The featurettes are must viewing for Weeds fiends. "Tour of Bubbie's House" shows off the incredibly elaborate new set, full of echt '70s stuff Nancy's late grandma collected: Avocado washer, harvest gold fridge, big glass grapes on each step of the stairs (items owned by the show's creator Jenji Kohan), many vintage spectacles (likewise). In "Moving Weight," Guillermo Diaz, who plays Nancy's Mexican crime advisor, interviews a real attorney about the real smuggling business and its legal consequences. "Burbs to the Beach" catches you up on the show's migration south, with solid crew and cast interviews including Parker, who insightfully calls Albert Brooks' acting "spare" and "elegant." It's cool that Brooks, who played Alex Gould's father in Finding Nemo, gets to play his grandfather in Weeds (and since Elizabeth Perkins played his mother, this show was a family reunion). The kid interviews in "I'm a Big Kid Now" and "The Real Hunter Parrish," and "The Weed Wranglers," about how they make those realistic-looking marijuana plants and bags, are boring. The voice-overs (by Kohan, Perkins, Nealon, Kirk, and others not including Parker) are a mixed bag. They're full of interesting inside skinny -- who knew Kohan's friend Matthew Weiner was going to play a bit part, or noticed that the guy who played the part wears a uniform that says Mad Men?

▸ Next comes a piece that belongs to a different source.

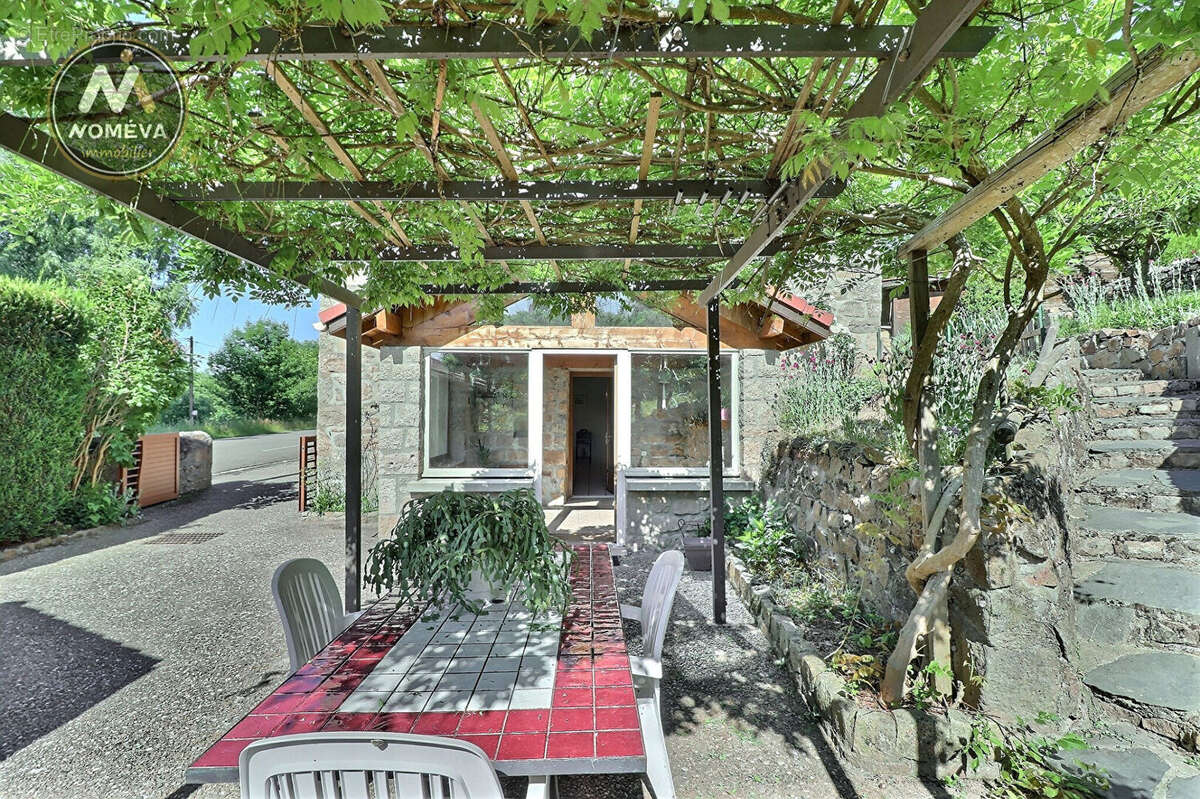 Maison à LAPTE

But the voice-overs are exceedingly casual and light on info. In the first episode, Kohan keeps apologizing for taking our time, and is so meek she mostly wastes it. The best voice-over is hers on the last episode, "If You Work for a Living, Then Why Do You Kill Yourself Working?" which is a quote from The Good, the Bad, and the Ugly, to which the episode is an homage. Weeds seasons always end with a movie homage. Actually, there's a micro-homage in this episode to The Shawshank Redemption, because one of the writers is obsessed with it, but mainly, the homage is to spaghetti Westerns, with their many portentous close-ups.

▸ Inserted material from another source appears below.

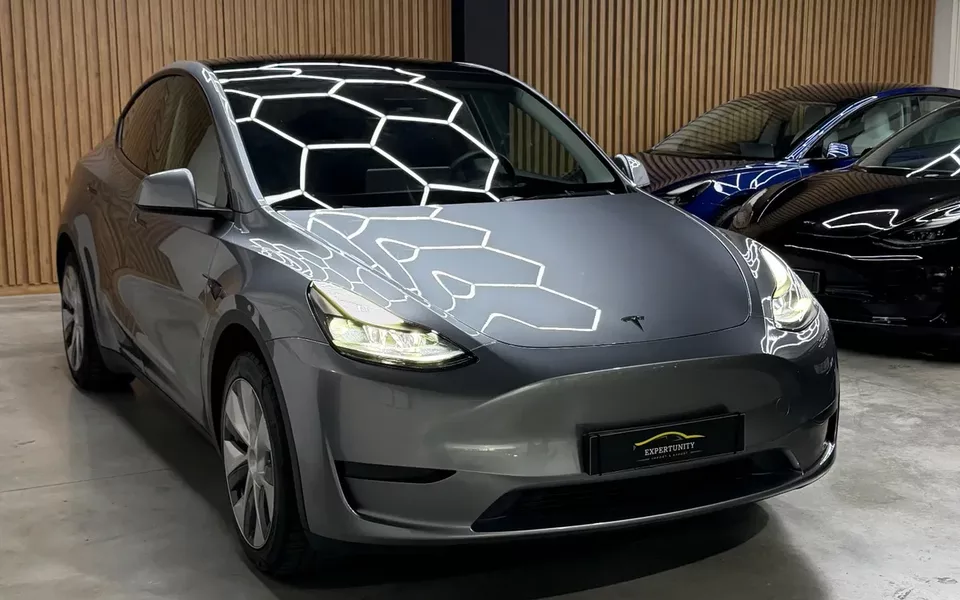 Tesla Model Y Tração Traseira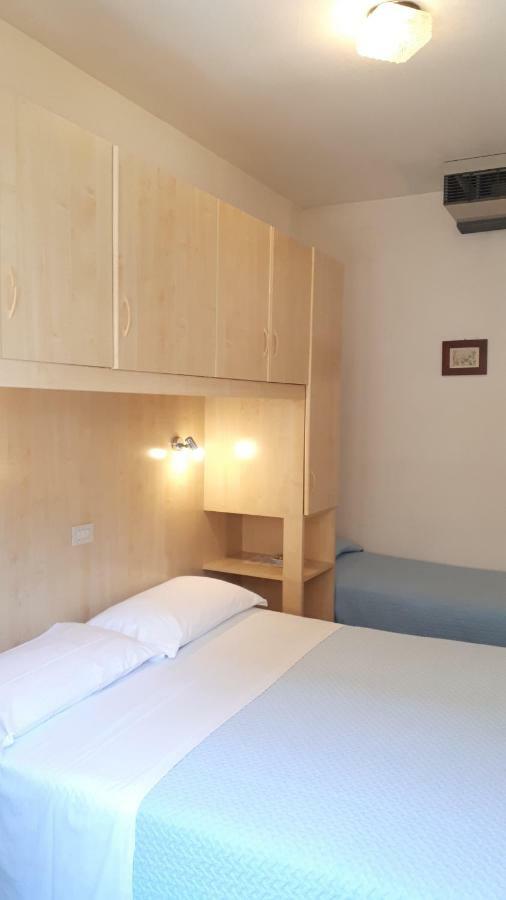 Dina Hotel 2*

Kohan pauses to let important dialogue be heard to clarify the plot and her points, which other voice-over commentators don't do. They just riff and joke constantly, so you can't hear what's going on. To watch the other commentaries, you have to have watched the whole episode first. I like Kohan's method on the last episode best. But Weeds addicts will have to watch them all.